Das Unternehmen Pouliquen beschäftigt heute 27 Mitarbeiter und macht einen Umsatz von 21 Millionen Euro.
Prince de Bretagne: Garantie des Absatzvolumens und Unterstützung der Gegend
“Mein Vater war Erzeuger für die SICA, ich bin da geradezu hineingewachsen. Es war einfach eine logische Fortsetzung.”

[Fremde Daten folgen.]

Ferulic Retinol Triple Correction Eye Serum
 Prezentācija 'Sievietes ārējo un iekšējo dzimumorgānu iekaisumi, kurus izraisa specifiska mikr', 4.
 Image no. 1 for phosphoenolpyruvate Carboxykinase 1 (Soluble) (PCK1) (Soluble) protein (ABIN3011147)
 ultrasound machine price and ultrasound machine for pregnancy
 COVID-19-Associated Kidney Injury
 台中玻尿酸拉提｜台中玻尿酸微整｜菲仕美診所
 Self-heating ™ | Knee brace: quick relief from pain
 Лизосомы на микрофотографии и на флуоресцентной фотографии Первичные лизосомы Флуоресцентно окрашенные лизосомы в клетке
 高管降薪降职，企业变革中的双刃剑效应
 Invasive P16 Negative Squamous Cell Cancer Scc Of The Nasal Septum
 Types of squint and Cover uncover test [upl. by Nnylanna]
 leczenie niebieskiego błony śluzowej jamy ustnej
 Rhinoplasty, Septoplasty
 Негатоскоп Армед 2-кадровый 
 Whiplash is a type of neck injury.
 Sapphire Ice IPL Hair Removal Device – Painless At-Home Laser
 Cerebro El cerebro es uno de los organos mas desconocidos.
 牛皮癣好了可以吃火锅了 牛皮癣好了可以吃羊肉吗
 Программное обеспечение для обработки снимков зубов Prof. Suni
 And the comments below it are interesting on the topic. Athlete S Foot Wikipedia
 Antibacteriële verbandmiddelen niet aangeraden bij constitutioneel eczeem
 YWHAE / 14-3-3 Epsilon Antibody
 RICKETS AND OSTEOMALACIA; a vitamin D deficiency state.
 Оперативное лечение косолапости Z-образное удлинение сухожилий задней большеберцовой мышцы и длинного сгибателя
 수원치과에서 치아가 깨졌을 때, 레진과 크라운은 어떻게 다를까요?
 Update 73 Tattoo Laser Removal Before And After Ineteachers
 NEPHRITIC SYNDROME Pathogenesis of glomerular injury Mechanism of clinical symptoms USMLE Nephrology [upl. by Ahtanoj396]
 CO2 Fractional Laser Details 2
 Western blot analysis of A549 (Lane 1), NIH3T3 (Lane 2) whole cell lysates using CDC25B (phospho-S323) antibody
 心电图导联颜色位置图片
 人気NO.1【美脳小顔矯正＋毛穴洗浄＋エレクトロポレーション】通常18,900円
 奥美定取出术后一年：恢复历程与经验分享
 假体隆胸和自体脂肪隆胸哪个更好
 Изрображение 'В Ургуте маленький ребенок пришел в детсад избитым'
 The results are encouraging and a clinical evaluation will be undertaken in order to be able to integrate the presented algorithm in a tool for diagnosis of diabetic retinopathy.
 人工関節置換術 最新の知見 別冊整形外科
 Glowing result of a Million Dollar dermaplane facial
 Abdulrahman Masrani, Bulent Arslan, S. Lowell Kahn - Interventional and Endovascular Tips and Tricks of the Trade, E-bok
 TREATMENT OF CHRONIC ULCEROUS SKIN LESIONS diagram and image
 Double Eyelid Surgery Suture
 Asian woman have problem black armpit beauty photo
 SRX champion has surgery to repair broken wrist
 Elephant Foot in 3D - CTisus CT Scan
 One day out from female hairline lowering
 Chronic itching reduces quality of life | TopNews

Aber diese “logische Fortsetzung” stützt sich auch auf greifbare Fakten.
“Prince de Bretagne bietet uns eine Masse an Produkten, fast unbegrenzte Mengen. Die Genossenschaften ermöglichen es uns außerdem, die gesamte vorhandene logistische Infrastruktur zu nutzen.”
Gérard Quillévéré ist eng mit der Bretagne verbunden und ein starker Fürsprecher für seine Gegend. Prince de Bretagne-Händler zu sein bedeutet für Gérard Quillévéré deshalb auch, die lokalen Erzeuger und ihr Know-how zu verteidigen. Im Herzen des bretonischen Gemüseanbaugebiets angesiedelt zu sein, bietet die Möglichkeit, engere Beziehungen zu den Erzeugern aufzubauen und vor Ort zu sein, um den Kunden zu jeder Jahreszeit eine optimale Produktqualität zu sichern.
Seine Vision von den Dingen? Ausdauernd sein!
Ein Unternehmen zu führen und weiterzuentwickeln kann mit Langstreckenlauf verglichen werden, daher trainiert Gérard auch in seiner Freizeit weiter und arbeitet an seiner Ausdauer. Im Winter fährt er Ski, bei schönem Wetter segelt und das ganze Jahr über joggt er. Er hat bereits 14 Marathonläufe erfolgreich hinter sich gebracht und hat vor, noch einige weitere zu laufen!